Went down to Marathon last week with family and friends. Split our time between trolling offshore and fishing inshore for tarpon.

Fishing was good but not great. Undersize peanut dolphin were everywhere. They became a nuisance while trolling. We still managed to catch some keeper dolphin throughout the week, including a couple wahoo, tripletail and tuna. 

Offshore was flat calm the last 3 days we were there. I've seen the Atlantic look like a lake before, but never that flat calm. It was fun running 50mph, thirty plus miles offshore in my buddy's Cape Horn. We thought about going all the way to Cuba one day. [smiley=carcrash.gif]


We found a bunch of juvenile tarpon back in some residential canals and along mangrove shorelines. I managed to jump my first tarpon on fly. He broke off after 3 acrobatic maneuvers. I'm embarrassed to say that he broke off because I still had on 15lb tippet that I use for redfish...I'm a moron. [smiley=frustrate2.gif]

We also tried fishing for larger tarpon out on the flats but had no luck hooking up. Saw a bunch but they were uninterested in our live crabs.
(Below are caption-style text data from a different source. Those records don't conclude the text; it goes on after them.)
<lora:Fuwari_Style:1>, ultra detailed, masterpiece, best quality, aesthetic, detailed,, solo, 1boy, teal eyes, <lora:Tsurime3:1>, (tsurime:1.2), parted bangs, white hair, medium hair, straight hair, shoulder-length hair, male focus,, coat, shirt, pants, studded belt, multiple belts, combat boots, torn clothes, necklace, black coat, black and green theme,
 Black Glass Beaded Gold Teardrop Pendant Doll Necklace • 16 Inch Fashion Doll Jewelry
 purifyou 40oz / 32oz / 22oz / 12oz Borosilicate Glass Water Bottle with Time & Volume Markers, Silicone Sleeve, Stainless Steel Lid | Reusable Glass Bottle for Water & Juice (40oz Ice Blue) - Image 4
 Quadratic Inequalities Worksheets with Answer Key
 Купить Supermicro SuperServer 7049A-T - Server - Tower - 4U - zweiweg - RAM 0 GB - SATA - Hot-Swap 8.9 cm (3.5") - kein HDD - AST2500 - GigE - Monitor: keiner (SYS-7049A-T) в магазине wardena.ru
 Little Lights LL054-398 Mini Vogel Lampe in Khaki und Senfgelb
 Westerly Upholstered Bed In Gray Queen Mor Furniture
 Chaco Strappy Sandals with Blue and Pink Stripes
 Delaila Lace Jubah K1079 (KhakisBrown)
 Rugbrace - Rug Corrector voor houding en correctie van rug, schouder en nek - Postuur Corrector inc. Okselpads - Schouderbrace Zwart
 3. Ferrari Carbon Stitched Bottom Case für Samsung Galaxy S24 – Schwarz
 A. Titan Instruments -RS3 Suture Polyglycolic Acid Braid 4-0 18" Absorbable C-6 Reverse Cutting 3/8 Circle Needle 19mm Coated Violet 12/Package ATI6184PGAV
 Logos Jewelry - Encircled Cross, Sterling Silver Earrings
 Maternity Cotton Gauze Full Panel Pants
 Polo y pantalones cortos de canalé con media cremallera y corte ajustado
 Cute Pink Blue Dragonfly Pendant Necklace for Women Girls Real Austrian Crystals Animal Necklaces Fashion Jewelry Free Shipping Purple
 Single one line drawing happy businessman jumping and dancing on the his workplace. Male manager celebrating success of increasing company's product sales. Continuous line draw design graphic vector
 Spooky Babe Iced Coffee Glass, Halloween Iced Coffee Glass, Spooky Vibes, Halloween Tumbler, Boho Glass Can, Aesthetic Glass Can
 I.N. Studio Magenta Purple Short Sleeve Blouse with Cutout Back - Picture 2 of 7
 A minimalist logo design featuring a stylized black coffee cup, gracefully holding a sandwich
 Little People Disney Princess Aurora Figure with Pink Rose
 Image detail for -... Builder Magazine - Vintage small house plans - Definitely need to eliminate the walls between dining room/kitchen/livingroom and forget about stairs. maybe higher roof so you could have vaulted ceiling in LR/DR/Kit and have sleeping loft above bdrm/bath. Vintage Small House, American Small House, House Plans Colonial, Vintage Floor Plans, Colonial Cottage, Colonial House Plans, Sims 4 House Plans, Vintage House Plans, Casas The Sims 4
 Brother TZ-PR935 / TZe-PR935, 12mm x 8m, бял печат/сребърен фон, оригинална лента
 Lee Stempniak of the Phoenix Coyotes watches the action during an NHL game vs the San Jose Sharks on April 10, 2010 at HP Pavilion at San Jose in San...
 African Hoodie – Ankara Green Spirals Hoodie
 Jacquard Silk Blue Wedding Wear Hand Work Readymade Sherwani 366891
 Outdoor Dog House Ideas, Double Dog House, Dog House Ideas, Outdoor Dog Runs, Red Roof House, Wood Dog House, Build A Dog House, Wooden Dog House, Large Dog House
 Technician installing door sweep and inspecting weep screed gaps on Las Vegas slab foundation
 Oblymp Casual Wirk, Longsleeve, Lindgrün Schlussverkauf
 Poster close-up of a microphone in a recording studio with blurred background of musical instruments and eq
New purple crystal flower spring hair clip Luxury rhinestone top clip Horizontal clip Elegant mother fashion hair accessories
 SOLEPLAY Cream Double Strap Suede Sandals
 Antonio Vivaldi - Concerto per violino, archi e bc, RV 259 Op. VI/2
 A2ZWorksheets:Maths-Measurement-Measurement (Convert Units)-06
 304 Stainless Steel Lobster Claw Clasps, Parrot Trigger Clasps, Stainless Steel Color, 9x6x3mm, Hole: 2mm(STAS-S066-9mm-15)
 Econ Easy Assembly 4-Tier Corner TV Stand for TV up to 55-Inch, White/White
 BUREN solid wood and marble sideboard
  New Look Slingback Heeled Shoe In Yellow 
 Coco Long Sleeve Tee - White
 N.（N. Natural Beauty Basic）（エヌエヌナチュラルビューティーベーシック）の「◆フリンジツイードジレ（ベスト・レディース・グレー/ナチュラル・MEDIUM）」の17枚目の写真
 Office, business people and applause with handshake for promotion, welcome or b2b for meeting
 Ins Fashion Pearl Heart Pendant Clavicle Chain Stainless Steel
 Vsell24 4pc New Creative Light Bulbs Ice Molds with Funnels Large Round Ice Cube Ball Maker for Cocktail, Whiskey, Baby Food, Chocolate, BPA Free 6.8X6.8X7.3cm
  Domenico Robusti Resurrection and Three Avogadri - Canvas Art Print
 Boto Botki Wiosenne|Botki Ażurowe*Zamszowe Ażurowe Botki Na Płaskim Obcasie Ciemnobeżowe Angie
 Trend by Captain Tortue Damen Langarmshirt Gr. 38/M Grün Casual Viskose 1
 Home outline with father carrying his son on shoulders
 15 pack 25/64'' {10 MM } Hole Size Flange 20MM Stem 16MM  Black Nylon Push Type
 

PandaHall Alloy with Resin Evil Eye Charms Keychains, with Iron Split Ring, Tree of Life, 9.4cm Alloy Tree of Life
Peanut dolphin on fly (I sported a mohawk the first day of vacation then shaved it off):











Cleaning the boat one night, we left the hose hanging over the side of the boat. Marvin the manatee showed up for a drink of fresh water:











Wahoooooooooooooooooooooo:











Catch from one of the days offshore (All dolphin are over 20"):











The family:











Me and the wife eating dinner at Keys Fisheries:


----------



## iMacattack (Dec 11, 2006)

Looks like a great time!


----------



## Spook (Apr 6, 2007)

Nice job man. Looks like a blast!


----------



## sea-n-spots (Dec 19, 2006)

Peanut Dolphin= (good samitch)  Great post Jason, sorry about the poon breakin ya off. If ya had Eric or me there, that may have been avoidable. Looks like ya had a GREAT TIME. [smiley=1-thumbsup1.gif]


----------



## beavis (Dec 11, 2006)

Great report. looks like you had a lot of fun.


----------



## tom_in_orl (Dec 9, 2006)

> (All dolphin are over 20")


Barely ;D

Nice trip. Thanks for sharing.


----------



## Guest (Jun 26, 2007)

Nice report and it looks like you guys had a great time.. 

Been way too long since I was in the Keys


----------



## JRH (Mar 18, 2007)

> Barely ;D


 ;D

Barely was good enough for us. We had 17 mouths to feed. 


On a side note, it appears the recent 20" regulations for dolphin are having a positive impact. My dad mentioned in the 30+ years he's been going down to the keys he's never seen so many peanut dolphin under 20". They were literally everywhere.


----------



## markdido (Apr 25, 2007)

> Nice report and it looks like you guys had a great time..
> 
> Been way too long since I was in the Keys


Man, I hear ya!

When I was stationed in Va Beach, I used to get down to the Keys 3 times a year (courtesy of the U. S. Navy)
Now that I actually LIVE here, have I gone down to the Keys Noooooooooooo!


----------



## deerfly (Mar 10, 2007)

nice report Jason, looks like you guys had a blast and caught fish, congrats with the tarpon on fly too. - eric


----------